A little-talked about EU directive could be poised to slow online sales, as banks roll out two-stage payment authentication using mobile to confirm the purchase.
The PSD2 Open Banking-based directive – which comes into force in September 2019, but which has been adopted already by some banks in the UK – means that banks are sending passwords or passcodes to mobile phones to confirm online purchases.
While great for security, it does mean that ecommerce could soon be reliant on both a good internet connection and a good mobile signal.
Under the rules, when shoppers spend £27 (€30) or more online, payment providers will be required to ask for an extra form of verification, usually sent as a one-time password by text to the shoppers mobile phone. The same will apply once £90 in total has been spent on a particular card, or if five separate payments of £27 are made.
Some exemptions are also possible: if a retailer decides that a purchase is low risk, for example, or if the bank can prove to the regulator that it has a good record on fraud, it can allow exemptions on payments worth up to about £450 (€500).
But retailers, banks and consumers groups are all concerned that the system is flawed and will make things slower and more tricky for shoppers and could be a barrier to ecommerce sales.
For starters, not everyone has a mobile and not everyone has a good mobile signal. Additionally, not everyone has a wifi enabled smartphone. For those that have connectivity issues, how can any online purchase be verified?
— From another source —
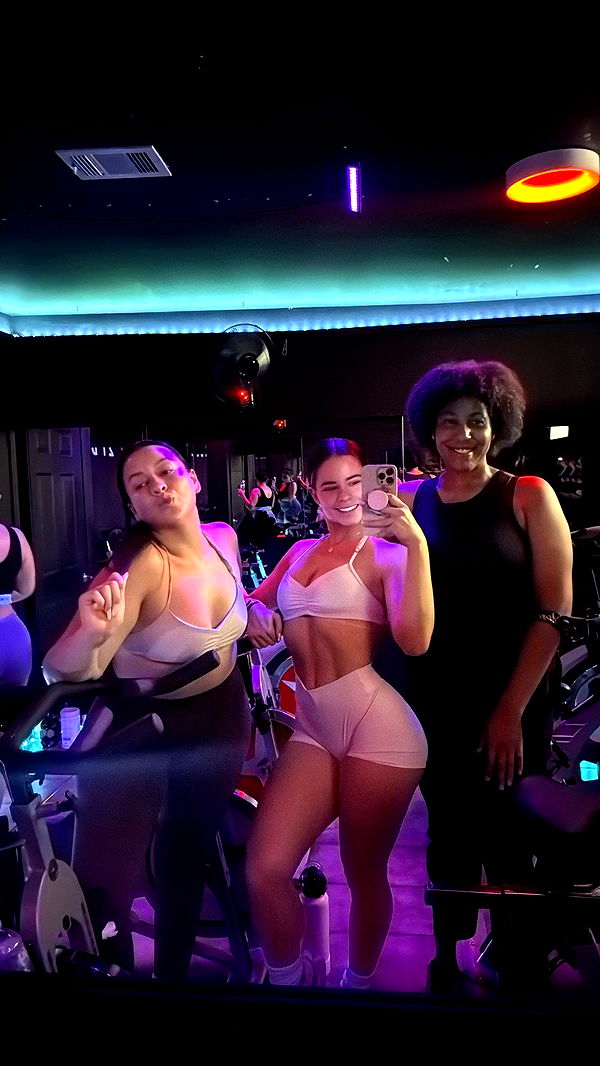 yaslenxoxo image ~ Altpins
Equally, how will purchases made on mobile be authenticated?
UK Finance – the trade body for the UK retail banking industry – has told its members that they need to find other ways of verifying their customers’ identities, such as by phoning them on their landline, or by using biometric data – such as using a finger-print on the bank’s app, for example.
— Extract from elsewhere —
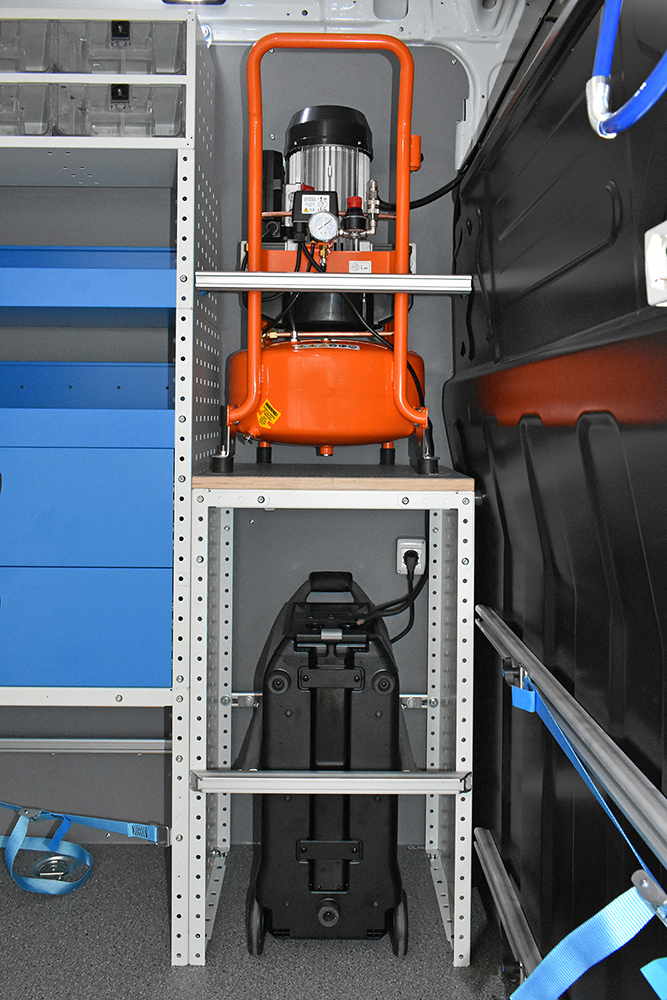 Ecoflow Power Station, modello compatto, con telaio su misura in un vano a terra con antina su Transporter Prato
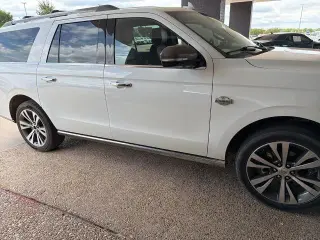Ford Expedition MAX 2021 4x4 King Ranch 4dr SUV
And, while it is inconvenient and time-consuming, customers can always phone their bank to get a one-off approval for a particular transaction.
Or, as one bank said with some irony, they could always use PayPal.
The regulations come into force on 14 September 2014 and banks are being urged to start now to communicate the changes to both consumers and retailers now, so that work can start on making sure that ecommerce isn’t interrupted.